For instance: "If you're feeling overwhelmed by social media, and aren't sure what sites to be on, and what activities to do, I understand your concerns. Social media has a steep learning curve, especially with the technology, but I will walk you through the technology and provide a business plan that helps you determine what sites to be on and what activities to do." In this case, I've focused on the pain first, and the solution (and feature) second. I want my prospect to know that I understand the pain s/he feels, and that what I offer will take away that pain.

A feature will never tell a prospect about him/herself. The primary interest a prospect has is in him/herself. We are all a self-interested species. It's how we preserve ourselves. But if we want to reach a prospect, we have to put ourselves in that person's shoes and self-interest. What is it s/he will care about? Him/herself and solving his/her problems.

That's what a person thinks about before anything else. Will X service or product solve my problem and do the people offering it know my problem and care about solving it? A feature just tells the person that you want to sell him/her without finding out if s/he needs that feature.

It's important to use negativity. Many businesses will shy away from discussing the negativity of the problems they solve, but pain (of any kind) is a negative experience that people want to resolve as soon as possible. Describing the problems you solve in terms of the pain it causes someone can tell people a lot about how you can benefit their lives or businesses. Pain is how we qualify the people we choose to work with.

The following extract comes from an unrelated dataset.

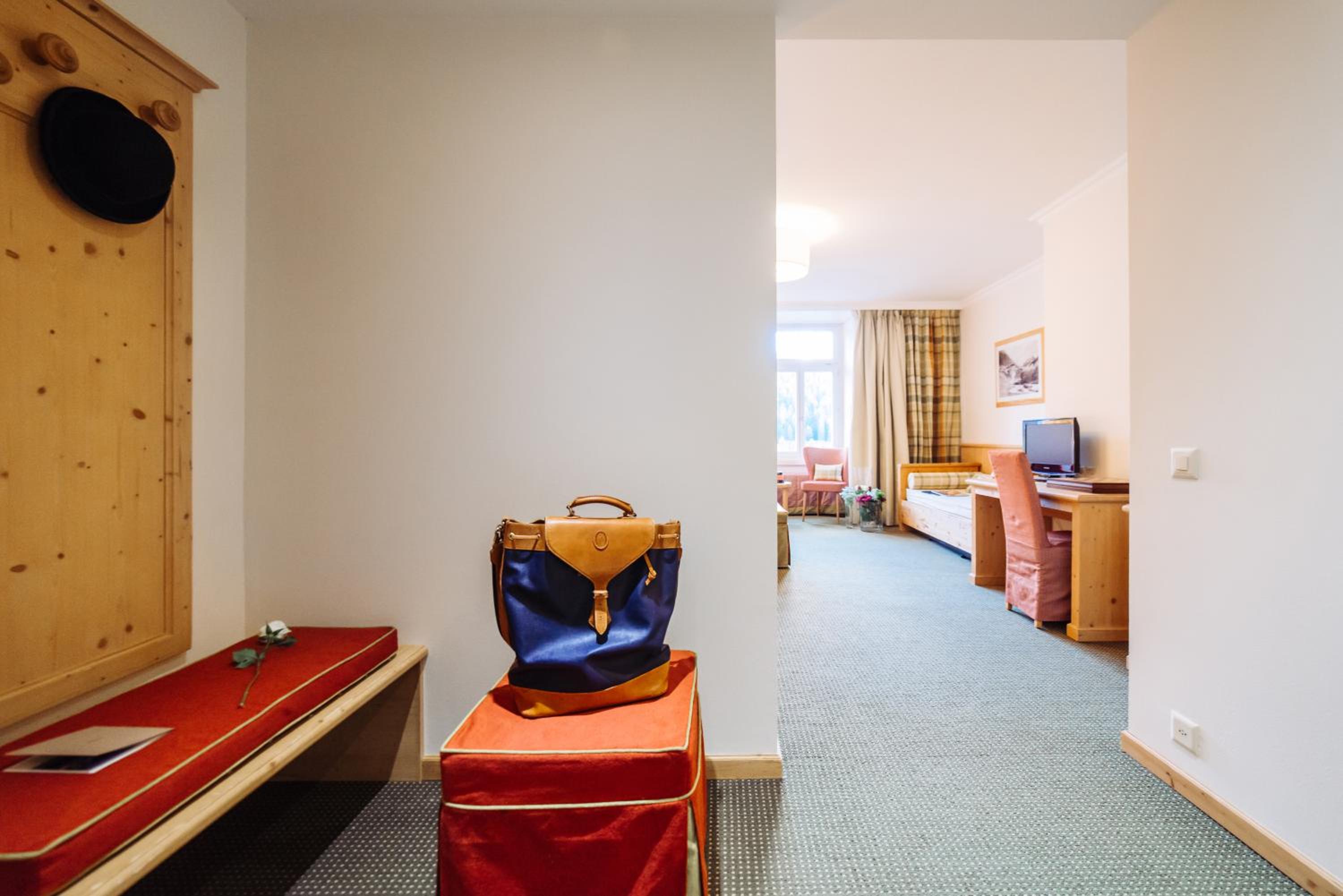 Quadruple Room with Spa Access - Photo 11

The problems we encounter are what define our buying decisions, the majority of times, and this is true for people in general, so accordingly your business needs to talk about the pain and problems it resolves, as well as discussing how it resolves them.

When you discuss the pain a person or business feels you, you also need to provide the solution, but the solution has to be situated in context to the pain. Telling you I develop social media business plans won't help you, unless I put into a context that you can relate to, namely the pain you are feeling because you don't have a social media plan and feel lost using the technology. That context turns a feature into a benefit, because it shows how that feature will actually solve the pain a person or business is feeling.

Ideally, you'll use the language your clients have used to describe their problems, as opposed to trying to come up with what you think they are saying. For example, the other day, I talked with a client and she mentioned that she was having trouble working on her business plan, especially the part where she  did a competition analysis. I listened to what she had to say about her problem and write it down, because chances are other people will say something similar and I can use that to identify if they need my services or the services of someone else.

There's one other element to consider with describing the benefits instead of the features. You need to listen to what people are saying about their problems and you need to care about them enough to help them solve their problems. We all want to make money, but just making money isn't enough. Caring about your clients will bring a level of service that goes above and beyond anything else you can offer.

To be able to help a client reach a place of empowerment and success is the ultimate goal of what you offer. Listening to your client's problems will help you discover what you can offer to them that will help them solve those problems. That will provide you the best understanding of how to create a benefit for your client, instead of a feature. A feature is about selling yourself, while a benefit is about demonstrating how you can help them improve their businesses or lives.